Oh, Easter! You ruin everything. You ruin everything so much that I can’t even figure out how to write about you. I want to believe. I want to not believe. Your four stories don’t line up, even the gospel writers don’t know what to do with you. You’re very confusing.
And Easter is confusing. We’ve barely come to terms with the death of Jesus, when we’re told he’s not dead. And wut? And we’re to believe this so easily? The Church and the culture and the story and the what? No. But. And we try to deal with this and we fail. And every year we try and fail.
And in the midst of Easter, will we let ourselves to try again, to fail better? We must try again, to fail better. I can’t go on. I must go on. We can’t go on. We must go on.

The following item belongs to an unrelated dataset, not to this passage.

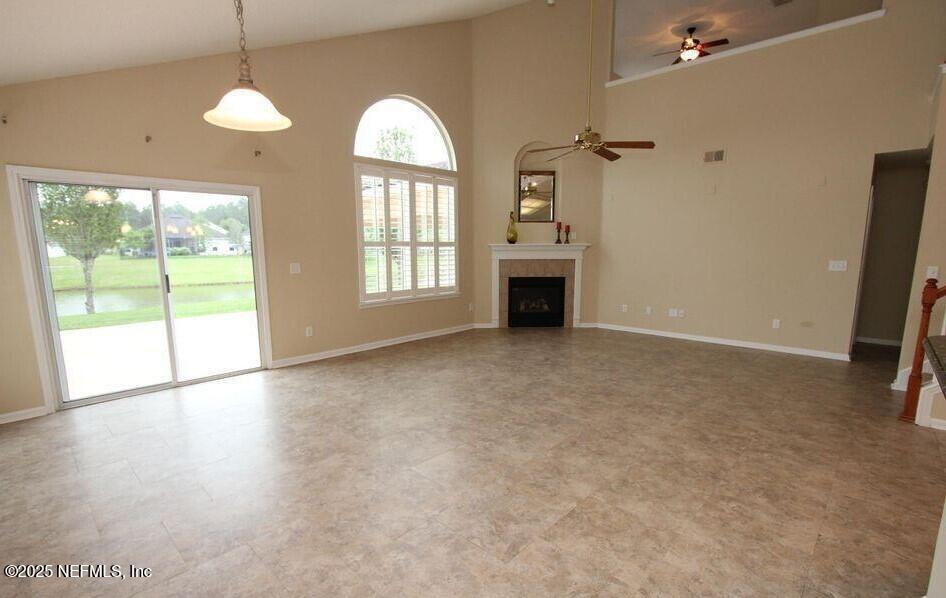 1288 Loch Tanna Loop St. Johns, FL 32259 - Photo 6 of 25 an empty room with windows and fireplace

Can we take Easter so easily? And merely cry out “The Lord is risen!”? If we do, then we’re deluding ourselves. Easter is difficult. It is wonderfully difficult. Its reality, its fantasy, its myth, its story. It is difficult to write about. It ruins everything. It ruins all and every expectation. Good Friday may be be absurd, but Easter is even more. It’s amazing. I cannot fathom it. We have hope for hope. And the empty tomb and the conflicting, messy resurrection stories offer a strange kind of hope.
Perhaps, we can even always look on the bright side of life.